# Liu Kang



## Phoenix (May 3, 2008)

Does anyone have any info about the Liu Kang dog/bloodline?


----------



## reddoggy (Jan 31, 2008)

Uh... If you have one of these dogs beware of it mystic abilities and enter it in the competion known as MORTAL KOMBAT? Just kiddin', never heard of them. Is this an underground fighting line? There are so many lines out there, people peddle other peoples  and call it what they want... You know? I dunno, maybe it is well known, I just haven't caught wind of it in my neck of the woods.


----------



## bahamutt99 (May 14, 2008)

Liu Kang is cool, but Scorpion's my boy. :snap: (In all seriousness, never heard of it, except in the video game world.)


----------



## Phoenix (May 3, 2008)

LOL y'all are funny! I prefer Sub-Zero myself :roll: I don't have an APBT yet,I'm waiting for the right time and the right dog. I was just asking since I saw a nice black APBT yesterday . I asked its owner about the dog's lineage and he said Liu Kang.
The dog had conformation like the "old school" pits,something I don't see much where I live. He was quite impressive,as far as looks go.


----------



## hell no they wont go (Oct 4, 2007)

bahamutt99 said:


> Liu Kang is cool, but Scorpion's my boy. :snap: (In all seriousness, never heard of it, except in the video game world.)

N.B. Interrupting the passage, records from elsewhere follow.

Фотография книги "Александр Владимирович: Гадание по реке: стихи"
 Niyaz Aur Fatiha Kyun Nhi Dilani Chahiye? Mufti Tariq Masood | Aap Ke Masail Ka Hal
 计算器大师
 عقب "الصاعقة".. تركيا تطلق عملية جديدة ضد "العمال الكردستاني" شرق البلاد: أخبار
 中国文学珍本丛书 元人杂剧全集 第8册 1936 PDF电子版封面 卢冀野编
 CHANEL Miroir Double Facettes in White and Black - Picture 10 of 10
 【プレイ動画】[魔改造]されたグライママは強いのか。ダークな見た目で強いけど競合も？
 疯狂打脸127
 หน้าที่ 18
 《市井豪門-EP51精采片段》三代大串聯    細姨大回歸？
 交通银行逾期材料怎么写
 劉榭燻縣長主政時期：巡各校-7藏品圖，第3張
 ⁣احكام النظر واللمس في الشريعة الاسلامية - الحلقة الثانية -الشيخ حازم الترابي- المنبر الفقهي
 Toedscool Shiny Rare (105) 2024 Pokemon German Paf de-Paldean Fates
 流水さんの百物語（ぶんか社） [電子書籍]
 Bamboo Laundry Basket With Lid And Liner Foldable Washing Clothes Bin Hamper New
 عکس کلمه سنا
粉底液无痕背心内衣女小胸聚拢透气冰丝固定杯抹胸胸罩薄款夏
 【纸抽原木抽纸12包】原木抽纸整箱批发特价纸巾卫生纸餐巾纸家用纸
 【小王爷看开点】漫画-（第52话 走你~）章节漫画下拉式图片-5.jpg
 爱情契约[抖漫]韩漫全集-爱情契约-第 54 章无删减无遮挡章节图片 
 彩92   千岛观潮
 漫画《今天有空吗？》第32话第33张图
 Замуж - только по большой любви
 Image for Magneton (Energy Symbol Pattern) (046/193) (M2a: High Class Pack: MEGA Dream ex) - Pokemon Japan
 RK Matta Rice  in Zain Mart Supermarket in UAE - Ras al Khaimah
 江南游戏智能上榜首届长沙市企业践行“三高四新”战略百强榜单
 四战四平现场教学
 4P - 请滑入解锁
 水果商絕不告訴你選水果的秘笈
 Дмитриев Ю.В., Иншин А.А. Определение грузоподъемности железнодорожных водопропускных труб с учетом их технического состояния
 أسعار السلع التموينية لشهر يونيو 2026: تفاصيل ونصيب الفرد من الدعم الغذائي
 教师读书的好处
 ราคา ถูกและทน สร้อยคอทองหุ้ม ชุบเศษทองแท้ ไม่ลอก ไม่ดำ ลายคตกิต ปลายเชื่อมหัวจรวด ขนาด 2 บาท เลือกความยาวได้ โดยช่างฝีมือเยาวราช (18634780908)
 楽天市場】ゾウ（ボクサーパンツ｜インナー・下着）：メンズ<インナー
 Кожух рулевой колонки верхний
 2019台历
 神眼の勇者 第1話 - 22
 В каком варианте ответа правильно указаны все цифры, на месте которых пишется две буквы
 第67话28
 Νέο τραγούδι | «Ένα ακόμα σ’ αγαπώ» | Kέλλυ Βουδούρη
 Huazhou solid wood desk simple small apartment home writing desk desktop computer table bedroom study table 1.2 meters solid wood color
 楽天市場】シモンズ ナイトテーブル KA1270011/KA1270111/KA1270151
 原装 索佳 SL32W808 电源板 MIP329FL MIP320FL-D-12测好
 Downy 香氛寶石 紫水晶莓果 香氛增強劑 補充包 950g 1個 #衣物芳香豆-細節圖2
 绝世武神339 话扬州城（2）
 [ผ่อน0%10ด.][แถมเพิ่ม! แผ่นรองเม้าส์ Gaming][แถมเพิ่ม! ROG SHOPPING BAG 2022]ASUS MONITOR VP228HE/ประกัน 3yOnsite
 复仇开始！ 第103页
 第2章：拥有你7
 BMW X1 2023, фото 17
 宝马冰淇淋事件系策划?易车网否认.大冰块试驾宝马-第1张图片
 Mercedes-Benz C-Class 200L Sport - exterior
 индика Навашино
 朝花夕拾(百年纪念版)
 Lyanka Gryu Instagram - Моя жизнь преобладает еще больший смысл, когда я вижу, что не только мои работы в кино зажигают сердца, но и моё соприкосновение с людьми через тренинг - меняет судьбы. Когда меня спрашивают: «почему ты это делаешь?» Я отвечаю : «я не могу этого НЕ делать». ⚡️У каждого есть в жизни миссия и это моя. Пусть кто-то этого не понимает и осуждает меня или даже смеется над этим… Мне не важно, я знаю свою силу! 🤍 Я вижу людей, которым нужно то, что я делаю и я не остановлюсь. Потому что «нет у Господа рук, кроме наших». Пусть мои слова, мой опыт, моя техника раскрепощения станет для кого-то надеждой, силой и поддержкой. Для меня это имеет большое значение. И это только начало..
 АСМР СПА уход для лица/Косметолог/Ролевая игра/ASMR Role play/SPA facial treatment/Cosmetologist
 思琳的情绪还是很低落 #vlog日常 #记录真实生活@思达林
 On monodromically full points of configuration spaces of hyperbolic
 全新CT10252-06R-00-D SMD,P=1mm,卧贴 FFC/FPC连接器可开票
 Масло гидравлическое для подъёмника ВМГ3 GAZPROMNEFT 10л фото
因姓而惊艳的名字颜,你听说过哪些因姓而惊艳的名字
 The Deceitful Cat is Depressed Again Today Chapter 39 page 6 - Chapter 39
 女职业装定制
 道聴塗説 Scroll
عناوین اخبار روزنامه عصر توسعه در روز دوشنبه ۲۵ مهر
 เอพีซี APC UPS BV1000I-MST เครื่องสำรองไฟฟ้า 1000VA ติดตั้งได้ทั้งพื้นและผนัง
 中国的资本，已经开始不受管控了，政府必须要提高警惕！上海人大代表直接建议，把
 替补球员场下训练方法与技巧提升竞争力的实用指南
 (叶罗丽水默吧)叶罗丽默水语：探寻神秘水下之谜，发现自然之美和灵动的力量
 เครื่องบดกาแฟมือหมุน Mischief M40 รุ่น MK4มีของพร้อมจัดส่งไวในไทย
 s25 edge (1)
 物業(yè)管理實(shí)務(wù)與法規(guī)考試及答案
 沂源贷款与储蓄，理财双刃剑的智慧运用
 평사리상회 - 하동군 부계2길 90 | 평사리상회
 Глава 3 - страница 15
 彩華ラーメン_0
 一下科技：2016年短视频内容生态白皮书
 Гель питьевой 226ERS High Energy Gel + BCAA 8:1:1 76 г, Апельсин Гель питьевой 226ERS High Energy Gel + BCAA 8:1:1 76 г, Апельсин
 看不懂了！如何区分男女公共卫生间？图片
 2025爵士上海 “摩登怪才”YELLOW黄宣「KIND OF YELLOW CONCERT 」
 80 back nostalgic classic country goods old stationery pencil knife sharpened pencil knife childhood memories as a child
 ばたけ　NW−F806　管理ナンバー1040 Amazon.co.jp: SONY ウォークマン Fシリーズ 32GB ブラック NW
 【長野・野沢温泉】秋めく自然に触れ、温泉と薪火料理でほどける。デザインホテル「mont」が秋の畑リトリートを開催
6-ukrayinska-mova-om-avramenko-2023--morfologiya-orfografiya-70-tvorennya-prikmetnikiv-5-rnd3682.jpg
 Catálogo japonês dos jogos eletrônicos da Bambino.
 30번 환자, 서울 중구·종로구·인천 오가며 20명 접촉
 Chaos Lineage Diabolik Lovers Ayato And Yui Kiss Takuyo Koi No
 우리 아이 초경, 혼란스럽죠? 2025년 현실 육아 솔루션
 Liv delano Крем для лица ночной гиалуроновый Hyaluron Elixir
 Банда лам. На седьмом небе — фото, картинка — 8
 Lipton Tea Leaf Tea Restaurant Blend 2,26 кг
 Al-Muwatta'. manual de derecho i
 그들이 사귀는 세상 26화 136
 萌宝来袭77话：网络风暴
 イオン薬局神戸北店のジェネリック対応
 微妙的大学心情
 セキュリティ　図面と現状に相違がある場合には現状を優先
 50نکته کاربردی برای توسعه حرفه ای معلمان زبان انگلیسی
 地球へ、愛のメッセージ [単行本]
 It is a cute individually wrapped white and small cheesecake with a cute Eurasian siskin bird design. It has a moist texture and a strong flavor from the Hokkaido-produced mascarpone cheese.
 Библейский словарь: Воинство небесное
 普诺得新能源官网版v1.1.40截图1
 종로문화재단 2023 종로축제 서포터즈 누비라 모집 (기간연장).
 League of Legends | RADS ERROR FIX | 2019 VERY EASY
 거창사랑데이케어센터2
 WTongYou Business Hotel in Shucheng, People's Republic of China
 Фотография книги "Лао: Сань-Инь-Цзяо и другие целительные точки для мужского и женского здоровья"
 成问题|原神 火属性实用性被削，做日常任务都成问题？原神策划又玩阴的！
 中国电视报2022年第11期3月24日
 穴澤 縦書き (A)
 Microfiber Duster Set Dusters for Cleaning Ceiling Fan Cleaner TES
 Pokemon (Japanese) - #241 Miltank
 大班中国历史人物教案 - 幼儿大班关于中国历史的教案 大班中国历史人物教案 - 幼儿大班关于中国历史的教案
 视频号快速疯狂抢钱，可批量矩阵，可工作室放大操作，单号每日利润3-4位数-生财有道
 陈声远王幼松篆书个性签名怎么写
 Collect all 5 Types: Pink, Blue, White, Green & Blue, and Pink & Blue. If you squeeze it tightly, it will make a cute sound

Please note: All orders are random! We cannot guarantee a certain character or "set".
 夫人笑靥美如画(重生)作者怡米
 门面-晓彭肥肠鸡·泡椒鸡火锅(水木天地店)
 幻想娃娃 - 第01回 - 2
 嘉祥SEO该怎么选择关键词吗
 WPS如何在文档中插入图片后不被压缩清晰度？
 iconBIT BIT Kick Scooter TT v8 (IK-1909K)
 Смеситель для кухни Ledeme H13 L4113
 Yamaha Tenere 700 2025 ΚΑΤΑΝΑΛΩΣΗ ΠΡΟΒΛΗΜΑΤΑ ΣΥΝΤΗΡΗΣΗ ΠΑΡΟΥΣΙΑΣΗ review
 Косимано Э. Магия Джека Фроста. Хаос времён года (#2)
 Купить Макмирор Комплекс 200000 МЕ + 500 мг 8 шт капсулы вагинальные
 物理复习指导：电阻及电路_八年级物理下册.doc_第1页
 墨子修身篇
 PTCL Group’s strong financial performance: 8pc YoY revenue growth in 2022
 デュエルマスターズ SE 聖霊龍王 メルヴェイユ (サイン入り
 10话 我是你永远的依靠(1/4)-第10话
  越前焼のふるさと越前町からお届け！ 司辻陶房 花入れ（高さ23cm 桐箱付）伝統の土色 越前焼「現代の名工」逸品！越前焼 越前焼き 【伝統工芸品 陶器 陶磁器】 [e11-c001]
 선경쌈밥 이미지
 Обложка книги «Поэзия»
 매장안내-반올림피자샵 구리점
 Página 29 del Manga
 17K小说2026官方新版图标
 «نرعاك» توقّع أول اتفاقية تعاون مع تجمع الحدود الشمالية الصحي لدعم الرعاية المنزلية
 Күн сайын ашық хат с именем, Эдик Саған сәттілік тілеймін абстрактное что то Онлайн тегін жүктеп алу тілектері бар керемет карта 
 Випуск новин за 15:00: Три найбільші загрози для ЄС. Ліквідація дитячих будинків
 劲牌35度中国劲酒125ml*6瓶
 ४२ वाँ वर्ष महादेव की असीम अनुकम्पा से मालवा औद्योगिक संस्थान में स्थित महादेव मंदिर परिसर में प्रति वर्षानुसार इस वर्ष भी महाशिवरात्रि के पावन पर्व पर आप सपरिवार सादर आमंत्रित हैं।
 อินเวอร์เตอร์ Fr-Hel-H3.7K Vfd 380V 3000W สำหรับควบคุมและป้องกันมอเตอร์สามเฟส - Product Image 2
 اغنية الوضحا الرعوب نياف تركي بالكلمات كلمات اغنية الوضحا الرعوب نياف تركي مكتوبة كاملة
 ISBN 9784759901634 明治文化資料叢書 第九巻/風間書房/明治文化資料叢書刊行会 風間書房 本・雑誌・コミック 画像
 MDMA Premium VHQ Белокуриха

hey dont steal my charactor!! scorpions my bf!!! 
but no never heard of them i'll try and see if i can find that kennel though and check it out.


----------



## hell no they wont go (Oct 4, 2007)

nope couldnt find a kennel that was called that. if you like the original pitbull standards i would check out old forts kennel he has some nice dogs especially his rebel. also try true kennels i skim read through thier kennel they have very nice pits as well i like what i saw for the most part in that kennel.


----------



## Phoenix (May 3, 2008)

I couldn't find any info on that dog either.Oh,well.The owner of the dog I saw yesteday just piqued my
curiosity since I have never heard of Liu Kang.( Except in Mortal Kombat!:cheers: )


----------